The military seems to be back in play in Thailand, with the army fanning out through the crowded streets of Bangkok on Tuesday. According to the army it isn’t actually yet a coup, just a taking responsibility for order and security. This is something Thailand is deeply in need of, after months of protests which have left the government neutralised and the country polarised. But the government and its supporters are deeply sceptical, fearing this will turn into yet another coup. So why has the military acted now? Whose side are they on? And why is this such a problem in Thailand?
For a simple explanation of who the protesters in Thailand are, and the redshirt/yellowshirt divide, my very first blog post was about these protests.
The Thai military is so far carefully making clear that this isn’t a ‘normal’ coup, instead declaring martial law. This gives them a wide range of powers to keep order in the country. They have taken control of both pro- and anti-government radio stations, and halted any further protests for the timing being. What they haven’t done is take over the government. Instead the chief of the army is meeting with the government and the protesters, while soldiers ensure order. These talks are most likely to see if any sort of agreement can be made on how to solve the political deadlock. However, the military action could also be seen as a clear signal to the government that it must make concessions to end the strife. The Thai army has traditionally been on the side of the King and the elites and therefore the ‘yellowshirt’ protesters, and everybody knows this. That’s why the government, who gets its support from the rural population (the ‘redshirts’), will be feeling extremely threatened.
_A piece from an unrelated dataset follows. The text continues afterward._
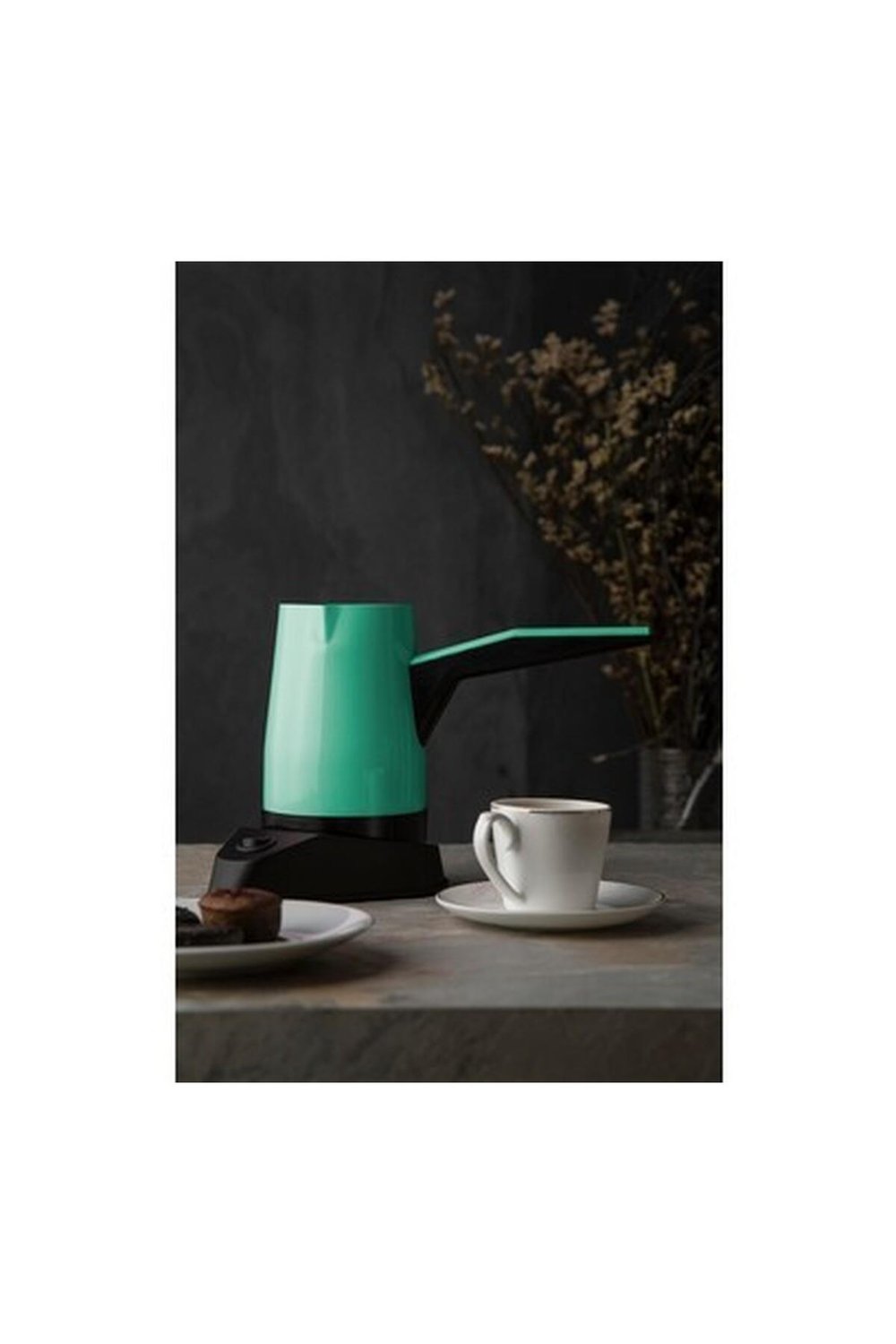 Emsan Bella Gusto Elektrikli Cezve Mint Green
If the army does decide to remove the government, it will be the 12th coup for Thailand in 80 years. Since it became a constitutional monarchy in 1932 it has mainly been governed by either the military or military appointed Prime Ministers. However, the election in 2001 that brought the ‘redshirt’ Thaksin Shinawatra to power changed this system of Bangkok governance, and gave the rural population a say in events for the first time.
That’s why there was such anger when the army overthrew Thaksin in 2006. His government was involved in a corruption scandal, and after he won another election amid protests the army got involved. This in turn provoked the redshirts into their own protests. Four years later in 2010 the army finally cleared redshirt protest camps, killing 90 people. So while it presents itself as securing law and order, the military is definitely not neutral. Its long history of governing means it has a strong feeling of responsibility for ensuring stability, but its traditional alliance with the Bangkok elites makes its role more dubious.
The main danger now is that the military decides to remove the government, effectively negating the last few elections and giving the protesters what they want. This is certain to enrage the rural population and start redshirt protests. This is a situation which could end up leading to a long-term end to democracy, and a change of system to benefit the elites. The government can only hope that the army will use its influence with the yellowshirts to bring a true negotiated end to this period of conflict.